Imec, the most advanced semiconductor research firm in the world, recently shared its sub-‘1nm’ silicon and transistor roadmap at its Future Summit event in Antwerp, Belgium. The roadmap gives us a rough idea of the timelines through 2036 for the next major process nodes and transistor architectures the company will research and develop in its labs in cooperation with industry giants, like TSMC, Intel, Samsung, and ASML.
The roadmap includes breakthrough transistor designs that evolve from the standard FinFET transistors that will last until 3nm to new Gate All Around (GAA) nanosheets and forksheet designs at 2nm and A7 (seven angstroms), respectively, followed by breakthrough designs like CFETs and atomic channels at A5 and A2. As a reminder, ten Angstroms are equal to 1nm, so imec’s roadmap encompasses sub-‘1nm’ process nodes.
You might not have heard of the Interuniversity Microelectronics Centre (imec) before, but it ranks among the most important companies in the world alongside better-known companies like TSMC and EUV-toolmaker ASML. While the semiconductor research-focused imec doesn’t operate with much fanfare, it serves as the quiet cornerstone of the semiconductor industry, bringing fierce rivals like Intel, TSMC, and Samsung together with chip toolmakers such as ASML and Applied Materials, not to mention the equally-critical semiconductor software design companies (EDA) like Cadence and Synopsys, in a non-competitive environment. This collaboration allows the companies to define the next generation of tools and software they will use to design and manufacture the chips that power the world.
A standardized approach is becoming increasingly important in the face of the profoundly increasing complexity of the chip design process and the expanding costs associated with designing the chips and the tools that make them. Imec also partners with customers, like Intel or TSMC, among many others, for R&D on new technologies they can use in their latest processors, and has helped pioneer EUV technology in concert with its long-time partner ASML.

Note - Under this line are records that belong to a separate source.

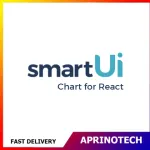Smart UI Chart for React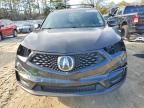 2021 Acura Rdx A-spec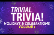 Trivial Trivia: Holidays and Celebrations Vol. 1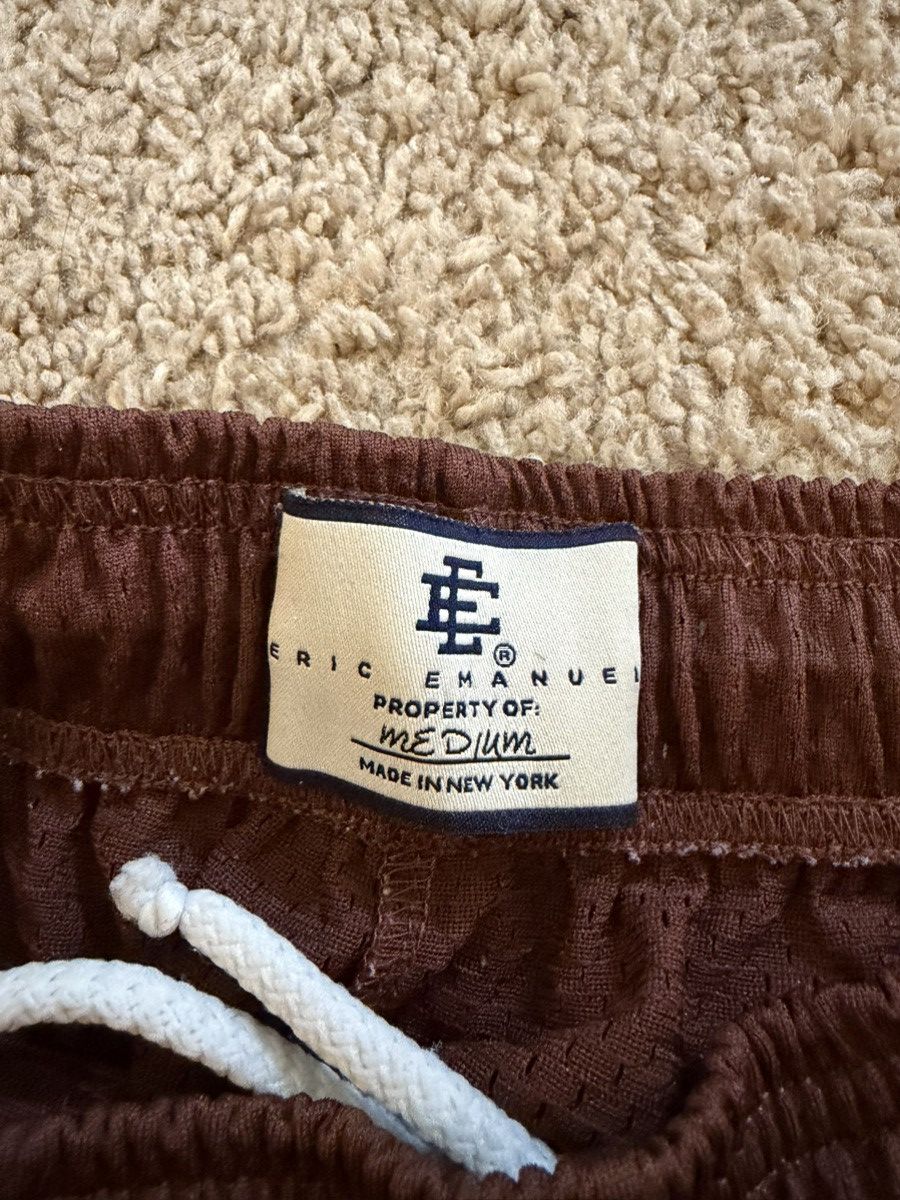 Eric Emanuel Eric shorts Size US 32 / EU 48 - 3 Thumbnail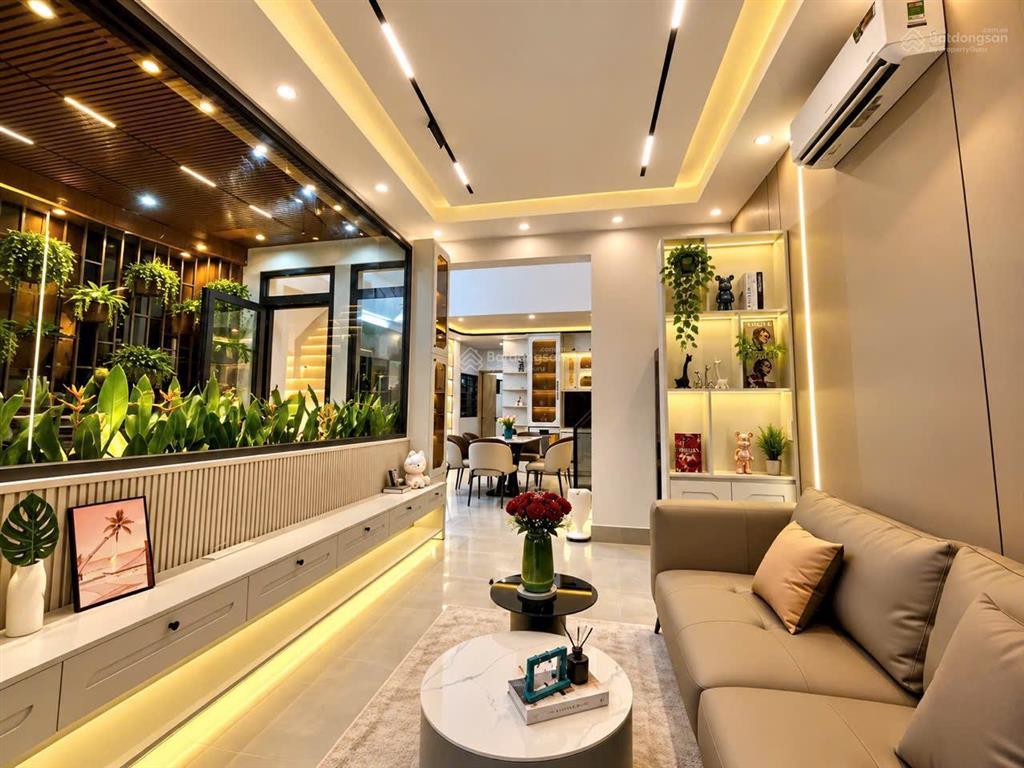 Bán nhà góc 2 mặt tiền 6x14m ~ hẻm 2873 huỳnh tấn phát ~ phú xuân ~ nhà bè (cách htp khoảng 30m)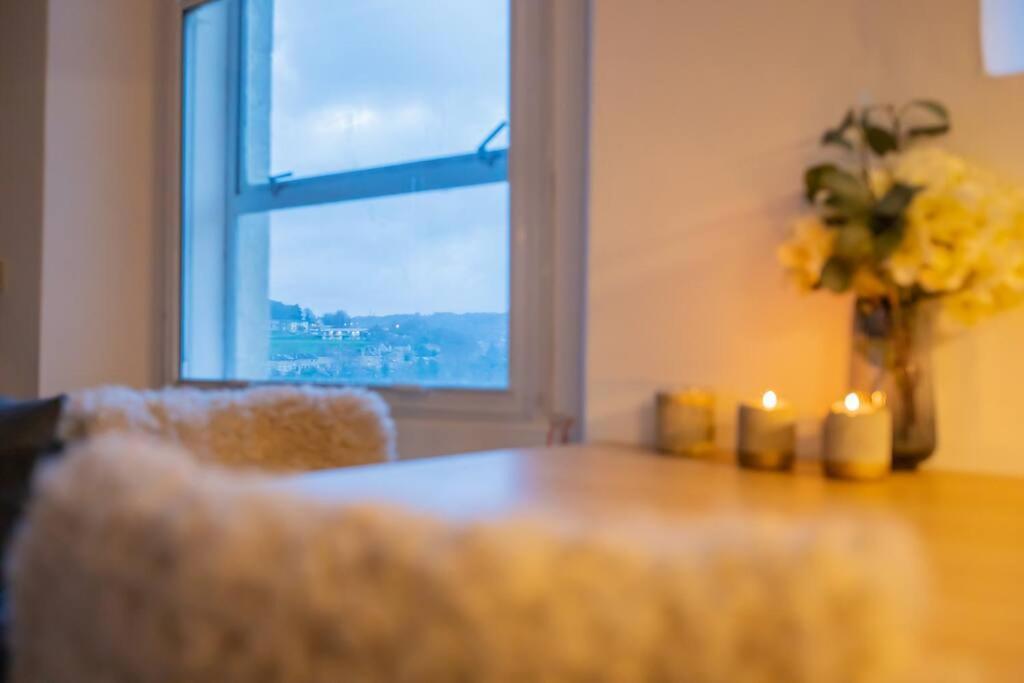 Georgian Gem Free Parking &views *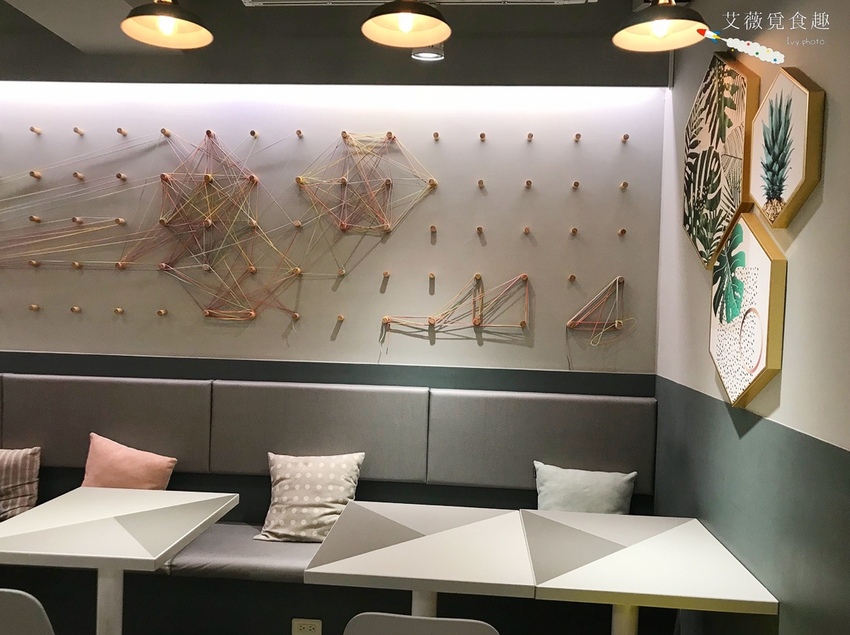 初米咖啡 Choose me Cafe%26;Meals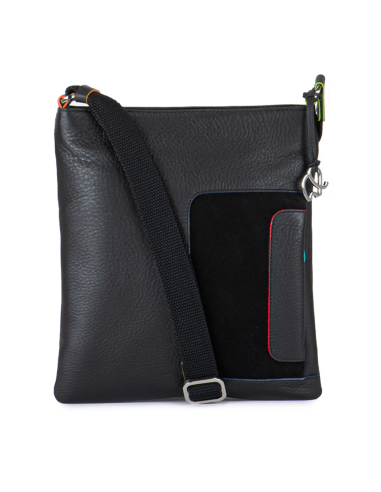 Havana Crossbody Black Pace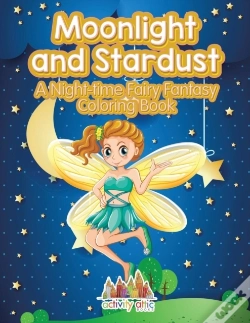 Capa do artigo Moonlight And Stardust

At the end of the day, all of the leading-edge chipmakers use much of the same equipment sourced from a few critical players, so some level of standardization is necessary. However, that requires R&D efforts that can begin a decade before deployment, meaning that imec’s roadmaps can give us a much longer view of the upcoming advances in the semiconductor industry than the nearer-term product roadmaps from companies like AMD, Intel, and Nvidia. In fact, many of those products wouldn’t be possible without the collaborative work undertaken years in advance at imec. Let’s take a closer look at the roadmap and some of the complimentary tech behind it.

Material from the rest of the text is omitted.